Whether or not we choose to line up outside the Apple Store every September for the latest iPhone launch, most of us nowadays replace our smartphones with some regularity. After all, it’s still common to buy handsets on 18 or 24-month contracts and then upgrade again after they expire. The outcome? We end up with stacks of perfectly good technology kicking around unused.

There is, of course, one solution to this problem: selling your old smartphones on eBay. It’s eminently possible to make a tidy sum this way, particularly now network operators are more lenient with their device-locking policies than they used to be.

How do you prepare a mobile device for sale on eBay? Well, the site itself has its own list of pointers, which include setting a reasonable price, writing a concise and accurate description, and taking lots of pretty pictures.

However, one thing that isn’t covered is securely erasing your data. Nobody in their right mind would sell a smartphone full of their old selfies, so it’s important to take steps to ensure the transaction won’t put your personal information at risk.

Most handsets have a factory reset function. Alarmingly, though, there’s evidence to suggest even this isn’t enough to protect your privacy. Last year, security vendor Avast bought 20 used Android devices off eBay and was able to recover a staggering 40,000 supposedly deleted photos, of which over 1,000 contained nudity. It also dug up 750 emails and text messages sent and received by the smartphones’ previous owners. Cambridge University also┬ádiscovered this with their own study this year.

Don’t like the idea of this happening to your data? Follow our checklist to ensure you’re only auctioning off hardware in you eBay smartphone sale, not your privacy.

Step 1: Remove your SIM card

You probably shouldn’t need to be told to remove the SIM card from your old smartphone before shipping it out to an eBay buyer, but there’s always a chance you might overlook this if you’re switching to a new network and are therefore getting a replacement SIM.

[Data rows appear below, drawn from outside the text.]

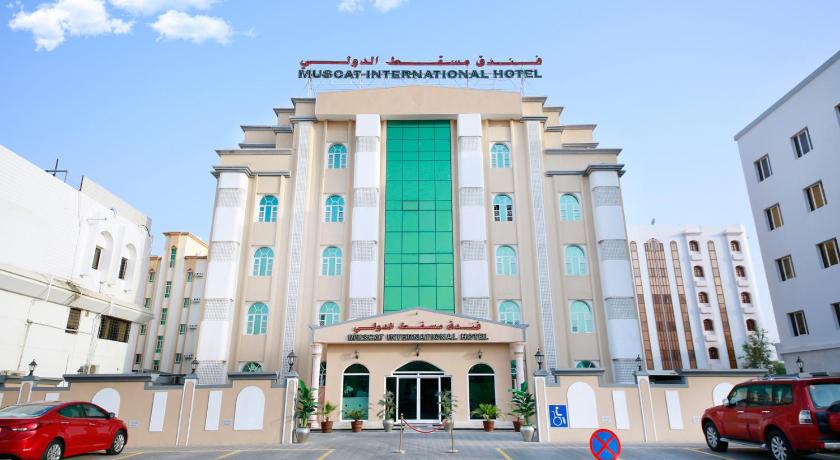 a large building with a clock on the front of it, Muscat International Hotel in Muscat
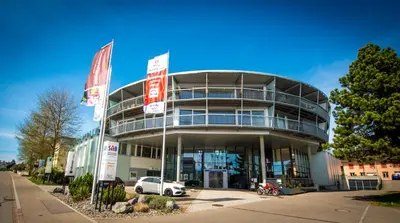 a large building with cars parked in front of it at Berger Zentrum in Berg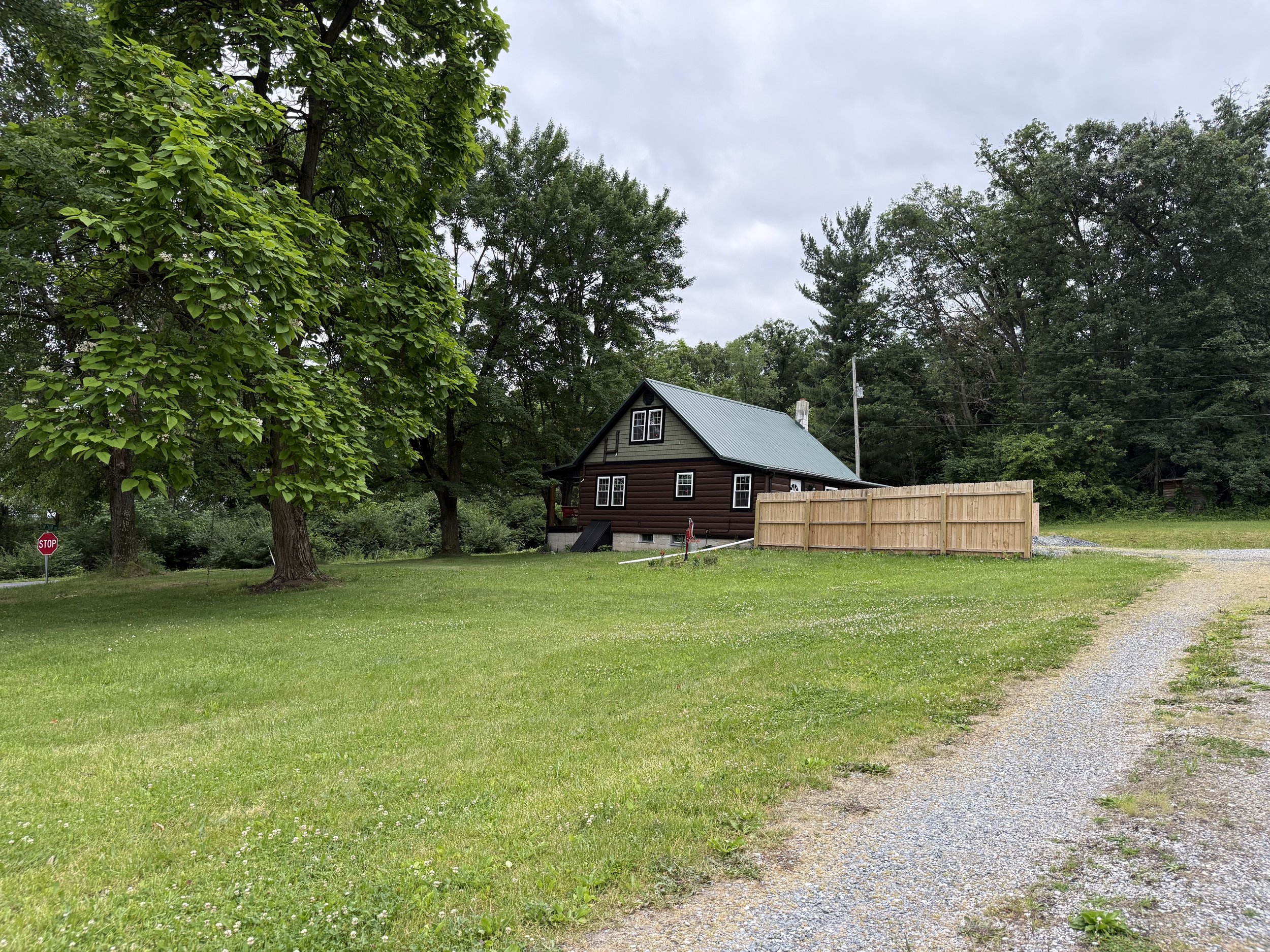 driveway leads to the back of the house and has a privacy fence to park behind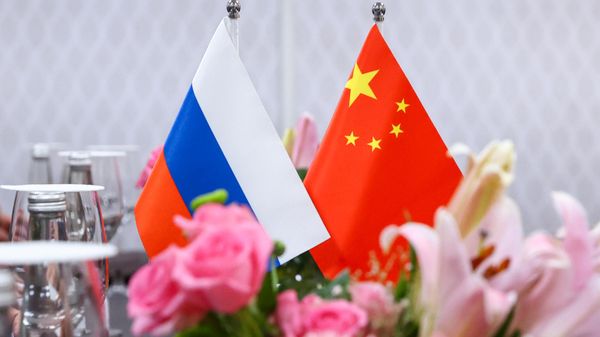 Russian and Chinese flags at the negotiating table during the meeting between Russian Foreign Minister Sergey Lavrov and his Chinese counterpart Qin Gang at the G20 summit in India, March 2, 2023. Russian and Chinese flags at the negotiating table during the meeting between Russian Foreign Minister Sergey Lavrov and his Chinese counterpart Qin Gang at the G20 summit in India, March 2, 2023. - Sputnik International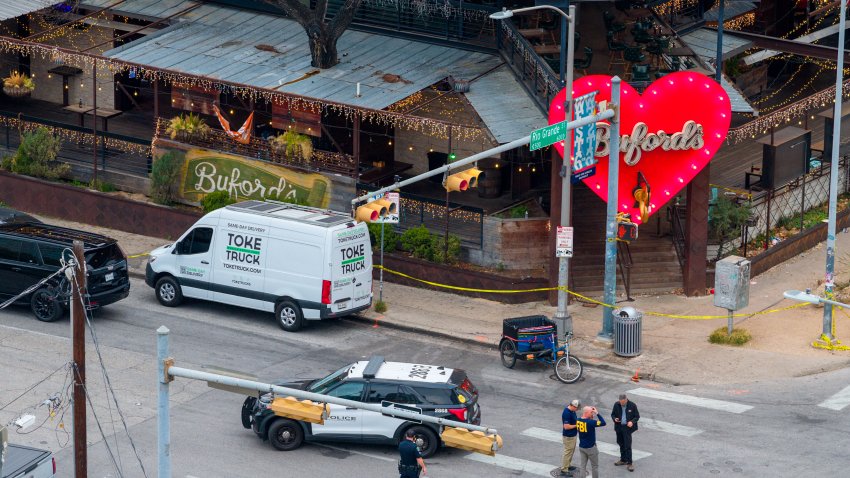 In an aerial view, members of the FBI and local law enforcement patrol and perform an investigation after a mass shooting outside of Buford’s bar in downtown on March 01, 2026 in Austin, Texas. Three people are dead and 14 others are hospitalized following a mass shooting early Sunday morning.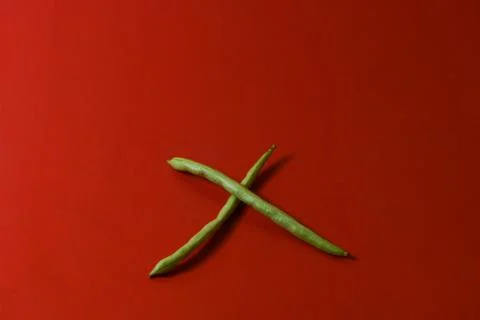 String beans fresh vegetables on isolated red background Stock Photos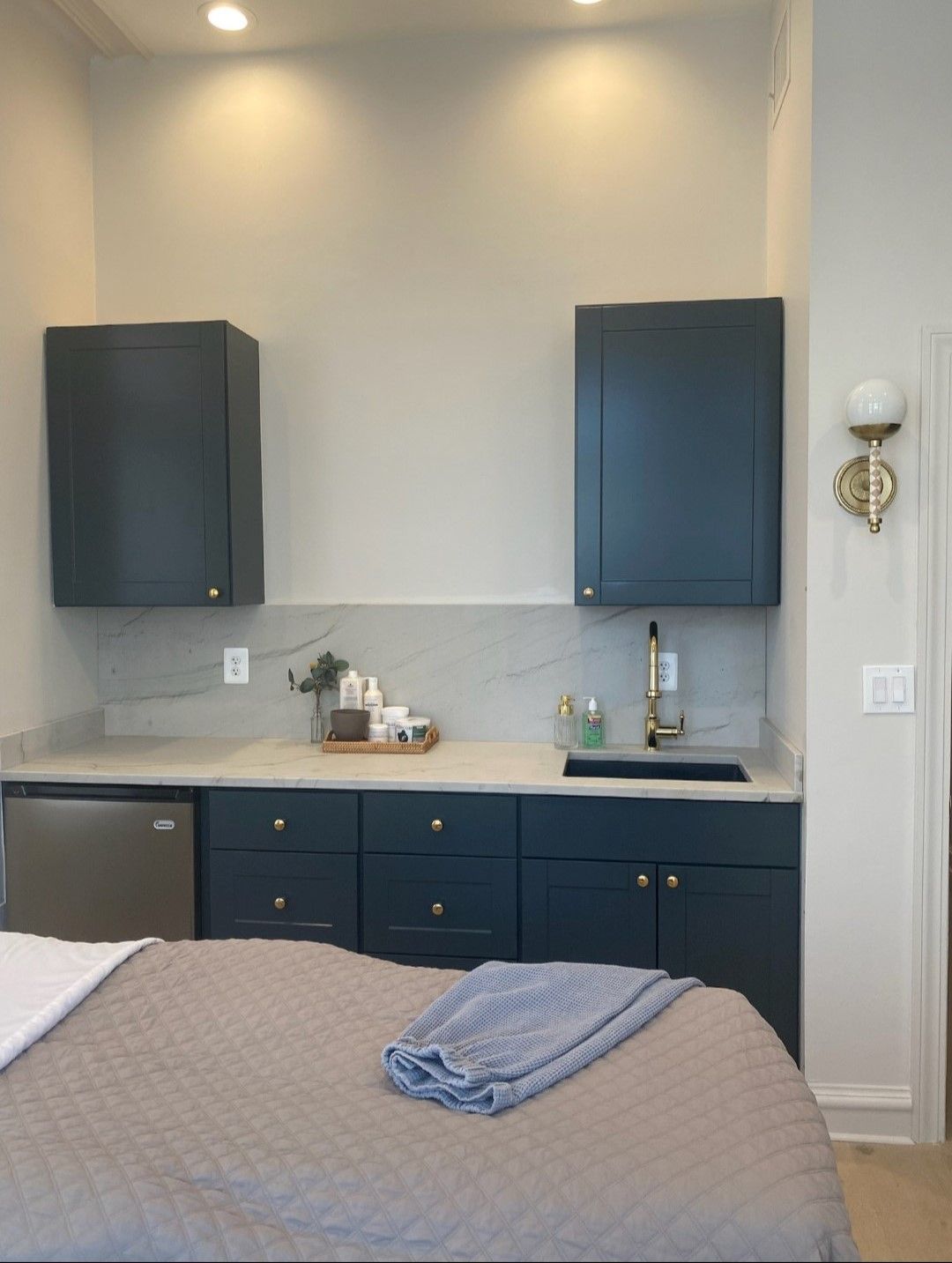 A kitchen with blue cabinets and a sink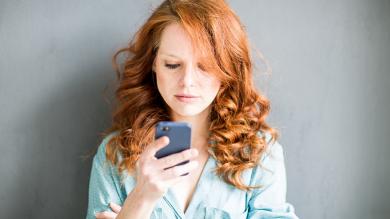 Frau hält Smartphon in der Hand und schaut es mit fragendem Blick an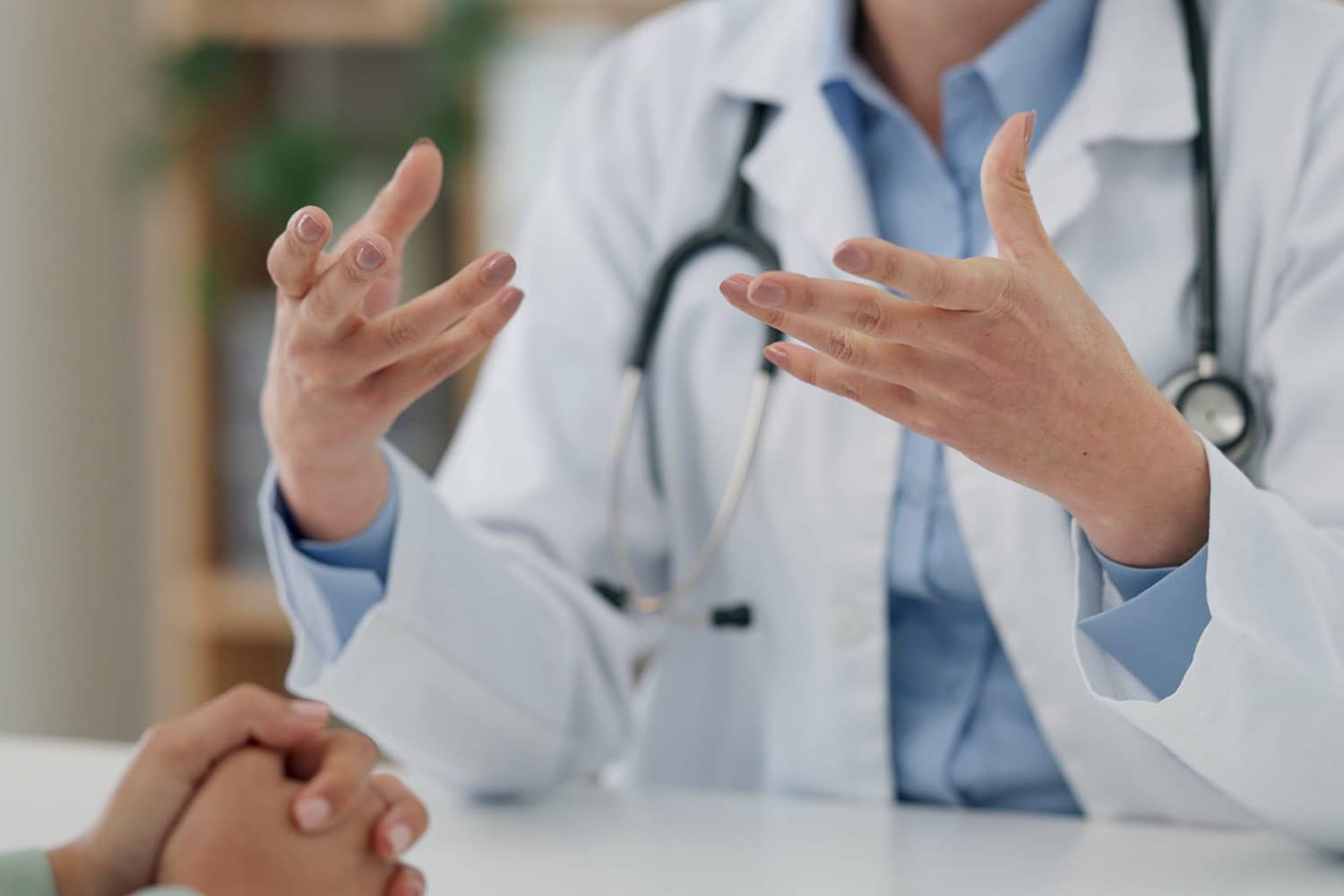 Close up doctor patient consultation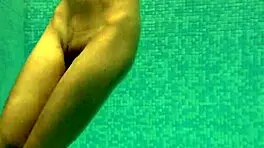 Irina Russaka Bathes Underwater In Pool, Showing Small Tits.
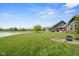 Beautifully landscaped backyard with lush lawn, patio area, and serene views of the pond and neighboring homes at 4659 W Otway Ln, New Palestine, IN 46163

A SIM card can contain quite a lot of personal information, including contacts, SMS data and call logs, and should be of absolutely no value to the person who purchases your old device. As such, you should always remove it prior to the sale, preferably disposing of it securely if you aren’t going to use it again.

Step 2: Remove or wipe your microSD card

Many modern smartphones have microSD card slots, allowing users to expand on their limited internal storage with additional flash memory for photos, videos and other data. As with a SIM card, there’s a chance you might overlook removing a microSD card from a device you’re preparing to sell on eBay. Or, if you’re switching to a handset that offers internal storage only, you might choose to bundle your old one with the smartphone to sweeten the deal for the buyer.

If this is the case, be sure to securely erase the card’s contents. Simply deleting the files might not be enough, so consider the use of a specialist data destruction tool such as Blancco Flash.

Step 3: Turn on device encryption (Android only)

This brings us up to the point at which you’d normally carry out a factory reset and, without further ado, get the bidding started. But wait, you ask, what about that Avast study we mentioned earlier? Didn’t that make out that Android’s factory reset function is basically useless?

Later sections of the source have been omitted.